* [INPUT RECORDS]:
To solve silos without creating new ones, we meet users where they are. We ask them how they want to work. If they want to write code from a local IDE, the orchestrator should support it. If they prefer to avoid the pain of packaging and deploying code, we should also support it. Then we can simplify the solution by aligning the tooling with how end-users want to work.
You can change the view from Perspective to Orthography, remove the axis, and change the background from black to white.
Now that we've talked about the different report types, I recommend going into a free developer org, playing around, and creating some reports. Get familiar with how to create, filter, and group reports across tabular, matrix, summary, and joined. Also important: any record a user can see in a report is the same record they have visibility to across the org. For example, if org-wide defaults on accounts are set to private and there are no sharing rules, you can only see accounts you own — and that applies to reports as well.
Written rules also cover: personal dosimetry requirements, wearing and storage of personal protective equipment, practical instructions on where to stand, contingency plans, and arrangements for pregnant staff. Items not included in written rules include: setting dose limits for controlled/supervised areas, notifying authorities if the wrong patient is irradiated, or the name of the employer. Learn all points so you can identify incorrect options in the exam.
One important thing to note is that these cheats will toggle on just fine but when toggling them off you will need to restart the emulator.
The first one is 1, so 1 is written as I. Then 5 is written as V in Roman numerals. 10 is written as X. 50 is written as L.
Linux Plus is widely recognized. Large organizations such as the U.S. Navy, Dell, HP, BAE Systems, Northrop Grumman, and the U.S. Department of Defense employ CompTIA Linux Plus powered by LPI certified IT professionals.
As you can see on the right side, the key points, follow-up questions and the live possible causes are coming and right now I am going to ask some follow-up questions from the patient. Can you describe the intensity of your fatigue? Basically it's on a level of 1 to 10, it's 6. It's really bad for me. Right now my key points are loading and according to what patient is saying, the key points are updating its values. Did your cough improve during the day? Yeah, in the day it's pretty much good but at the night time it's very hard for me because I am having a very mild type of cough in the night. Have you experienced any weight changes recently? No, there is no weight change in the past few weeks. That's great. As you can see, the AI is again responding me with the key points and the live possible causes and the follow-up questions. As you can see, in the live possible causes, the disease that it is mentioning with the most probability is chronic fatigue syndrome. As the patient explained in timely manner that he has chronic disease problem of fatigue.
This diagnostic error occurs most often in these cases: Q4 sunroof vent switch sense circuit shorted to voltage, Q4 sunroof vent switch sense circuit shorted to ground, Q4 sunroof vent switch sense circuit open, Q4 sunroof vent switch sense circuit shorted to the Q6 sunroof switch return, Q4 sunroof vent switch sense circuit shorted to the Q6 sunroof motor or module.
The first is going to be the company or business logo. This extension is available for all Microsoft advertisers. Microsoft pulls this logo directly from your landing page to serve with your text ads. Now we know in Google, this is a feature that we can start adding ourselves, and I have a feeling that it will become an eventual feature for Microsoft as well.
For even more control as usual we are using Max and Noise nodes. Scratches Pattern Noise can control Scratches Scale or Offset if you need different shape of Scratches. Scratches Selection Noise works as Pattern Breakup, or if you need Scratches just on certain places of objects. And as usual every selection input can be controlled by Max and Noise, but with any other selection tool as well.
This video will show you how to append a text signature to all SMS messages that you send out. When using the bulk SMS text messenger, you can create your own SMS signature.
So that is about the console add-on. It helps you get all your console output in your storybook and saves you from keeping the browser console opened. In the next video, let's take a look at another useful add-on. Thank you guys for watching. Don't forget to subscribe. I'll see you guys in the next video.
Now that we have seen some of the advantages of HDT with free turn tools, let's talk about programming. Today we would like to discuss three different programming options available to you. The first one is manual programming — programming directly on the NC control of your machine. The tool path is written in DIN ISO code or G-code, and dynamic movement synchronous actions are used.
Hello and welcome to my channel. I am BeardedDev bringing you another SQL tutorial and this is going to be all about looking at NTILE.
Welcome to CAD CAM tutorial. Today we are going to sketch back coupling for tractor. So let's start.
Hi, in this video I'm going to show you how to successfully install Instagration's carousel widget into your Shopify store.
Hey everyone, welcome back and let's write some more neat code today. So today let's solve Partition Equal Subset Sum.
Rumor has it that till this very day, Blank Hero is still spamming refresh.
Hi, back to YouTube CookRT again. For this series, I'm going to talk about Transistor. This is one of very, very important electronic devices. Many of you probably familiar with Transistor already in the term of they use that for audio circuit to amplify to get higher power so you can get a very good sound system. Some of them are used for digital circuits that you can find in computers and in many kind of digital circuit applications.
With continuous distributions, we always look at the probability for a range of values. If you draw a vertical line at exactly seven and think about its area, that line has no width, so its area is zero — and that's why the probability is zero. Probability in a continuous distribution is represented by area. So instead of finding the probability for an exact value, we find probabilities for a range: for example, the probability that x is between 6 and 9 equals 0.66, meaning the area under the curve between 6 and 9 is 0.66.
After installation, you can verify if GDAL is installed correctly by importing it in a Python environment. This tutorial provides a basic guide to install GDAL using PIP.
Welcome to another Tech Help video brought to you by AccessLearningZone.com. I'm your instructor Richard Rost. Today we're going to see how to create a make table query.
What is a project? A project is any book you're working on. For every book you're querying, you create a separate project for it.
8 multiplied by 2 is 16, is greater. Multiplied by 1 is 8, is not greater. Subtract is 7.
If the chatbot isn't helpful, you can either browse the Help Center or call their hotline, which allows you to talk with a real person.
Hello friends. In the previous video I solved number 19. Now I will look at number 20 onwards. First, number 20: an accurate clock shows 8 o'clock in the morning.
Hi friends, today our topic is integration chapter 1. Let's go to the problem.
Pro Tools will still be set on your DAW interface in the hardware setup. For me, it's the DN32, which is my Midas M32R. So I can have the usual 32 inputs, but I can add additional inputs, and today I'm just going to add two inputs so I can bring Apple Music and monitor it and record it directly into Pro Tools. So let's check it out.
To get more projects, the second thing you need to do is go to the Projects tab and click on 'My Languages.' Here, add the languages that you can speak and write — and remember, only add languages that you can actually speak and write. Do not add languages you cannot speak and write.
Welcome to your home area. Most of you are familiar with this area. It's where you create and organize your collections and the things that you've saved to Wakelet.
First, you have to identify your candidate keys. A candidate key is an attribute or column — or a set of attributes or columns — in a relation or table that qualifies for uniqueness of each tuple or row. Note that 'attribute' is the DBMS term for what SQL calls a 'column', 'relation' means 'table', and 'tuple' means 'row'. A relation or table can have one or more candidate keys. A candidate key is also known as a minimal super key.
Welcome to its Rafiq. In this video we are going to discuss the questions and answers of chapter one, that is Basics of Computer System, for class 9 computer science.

* [REQUIRED ACTION]:
The answer must hold exactly the lines of the entries above, from the first line through the line that contains "You can change", and no others.

* [TASK OUTPUT]:
To solve silos without creating new ones, we meet users where they are. We ask them how they want to work. If they want to write code from a local IDE, the orchestrator should support it. If they prefer to avoid the pain of packaging and deploying code, we should also support it. Then we can simplify the solution by aligning the tooling with how end-users want to work.
You can change the view from Perspective to Orthography, remove the axis, and change the background from black to white.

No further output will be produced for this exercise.